Two billboards for an English-language school were quickly removed from the Croatian capital Tuesday after first lady Melania Trump threatened to sue because the use of her likeness suggested she had endorsed the school’s message, “Just imagine how far you can go with a little bit of English.”
A lawyer for Trump, Natasa Pirc-Musar, told Newsweek the company responsible for the marketing campaign had "grossly violated" the law and "unlawfully intruded on [Trump's] personality rights."
But the American Institute did know how to generate publicity. Within hours of the billboards’ installation last week, pictures of them were all over the internet.

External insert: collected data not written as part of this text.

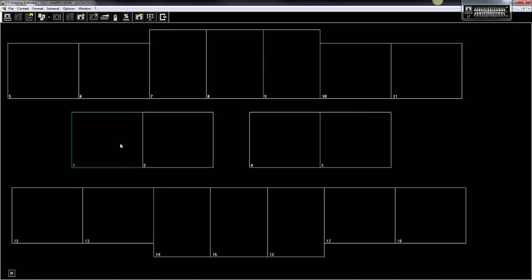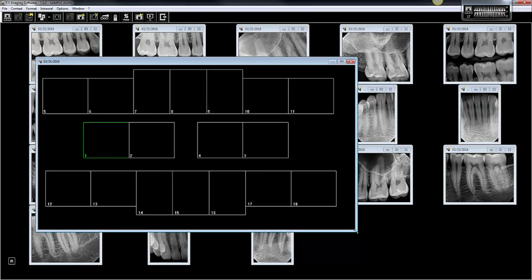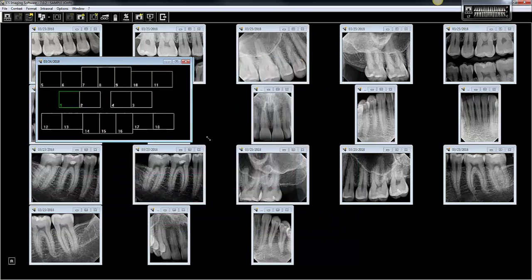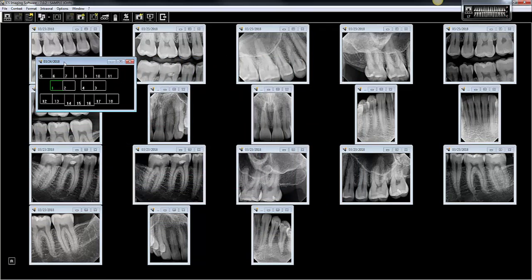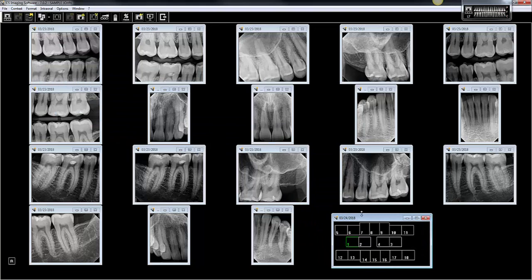This is a full-mouth series format, but it's designed to hold JPEG images rather than radiographs. So the format is now open, and all of those images are open behind it. The next step is to click this icon to reduce the size the format is displayed at, then hover over the corner of the border, left-click and hold, and reduce the size even more so you can drag it down where there are no images.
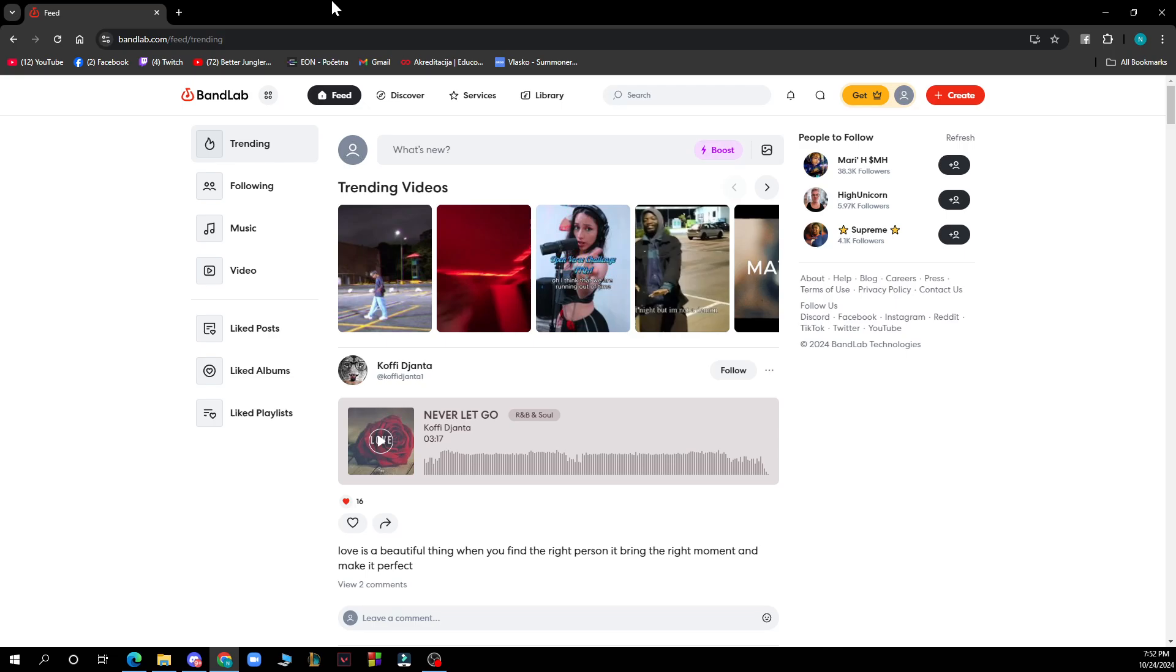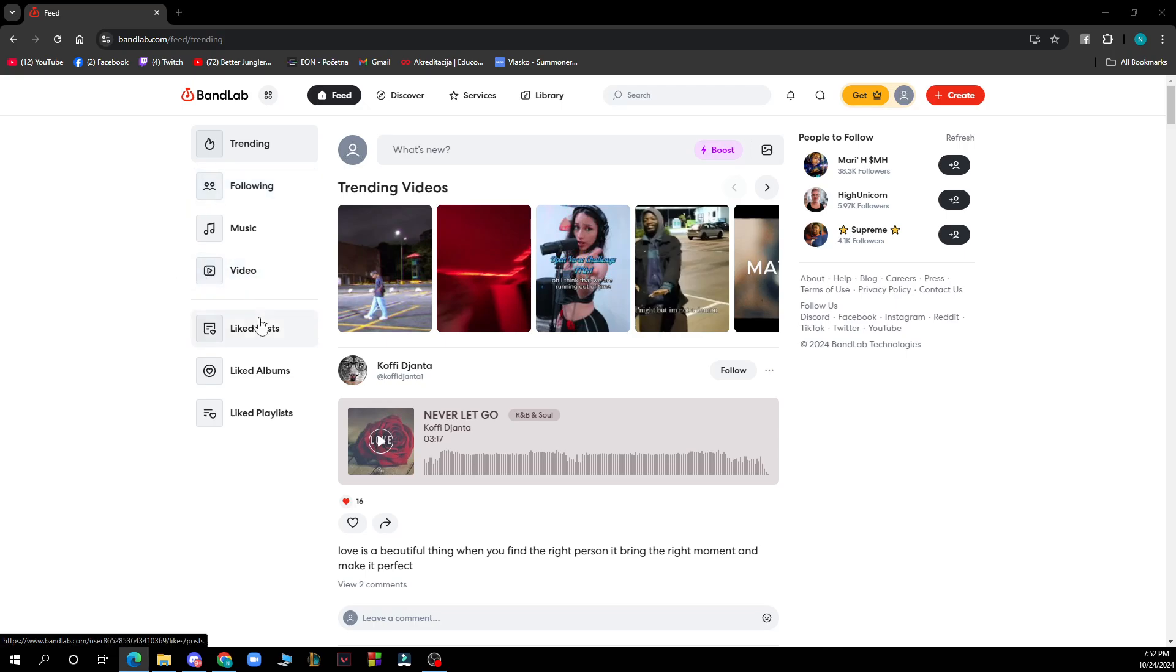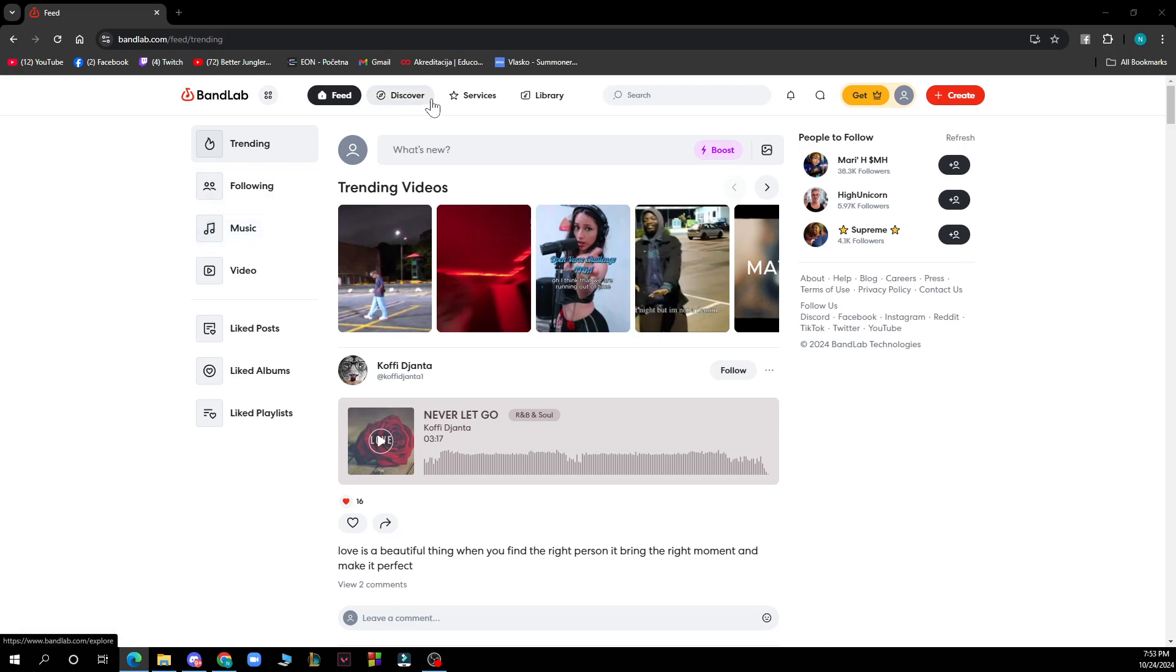Now let's see what we actually have in front of us here. On the left side of the screen we have the trending, following, music and video, and we have the liked posts, albums and playlists. On the top of the screen we have the feed, discover, services library and the search bar.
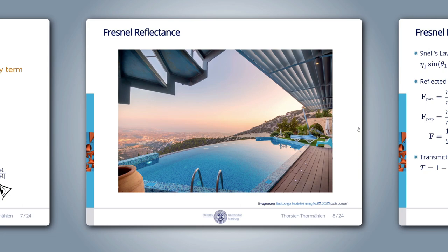Let's start with Fresnel reflectance. Here is an image of a swimming pool with a flat water surface. In the bottom part we can see the ground of the pool, but in the upper part we only see the reflected sky. This effect occurs because the ratio of transmitted and reflected light is not constant — it depends on the angle of incidence and the refractive indices of the involved materials. If we look into the water from above, only a small part of the light from the sky is reflected; most is transmitted and we see the ground. The more we look from the side at grazing angles, the larger the reflected part becomes.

“The social networks went crazy,” the campaign’s designer, Ivis Buric, told Newsweek. “Thousands of shares, retweets, and they’re still coming in at pretty much the same rate with the positive or neutral comments. The campaign is also trending on sites like Reddit.”
Not bad for a shoestring operation, Buric said, calling it a “really low-budget campaign.” She claimed the ad was never meant to be disrespectful, but many took its message as a play on the Slovenian native first lady’s sometimes-imperfect English skills. Buric denied this, and said it was meant to inspire.
“The most recognized emigrant to the U.S. from this region happens to be the first lady of the United States,” she said. “And we thought it would draw a lot of interest to combine those two elements.”
She said she never thought Melania Trump would threaten to sue.
The first lady is no stranger to filing lawsuits against those who threaten her personal brand. In April, The Daily Mail agreed to pay Trump millions in damages and issue an apology after it wrote that she “provided services beyond simply modeling,” insinuating she was an escort during her modeling days.
It’s also not the first time the American Institute has used the Trump administration to market itself. On its Facebook page, the school often posts a “word of the day” with an image of Trump administration officials to illustrate. Recent examples include a picture of President Trump squinting at the sun for the word “brinkmanship,” and a screenshot of Treasury Secretary Steve Mnuchin’s wife Louise Linton during her extravagant trip to Kentucky for the word “profligate”—“recklessly extravagant or wasteful.”
Trump has hired the Slovenian Pirc Musar law firm before to protect her face and name, which began appearing on products like honey, cakes, underwear and shoes in her home country, Slovenia, after her election.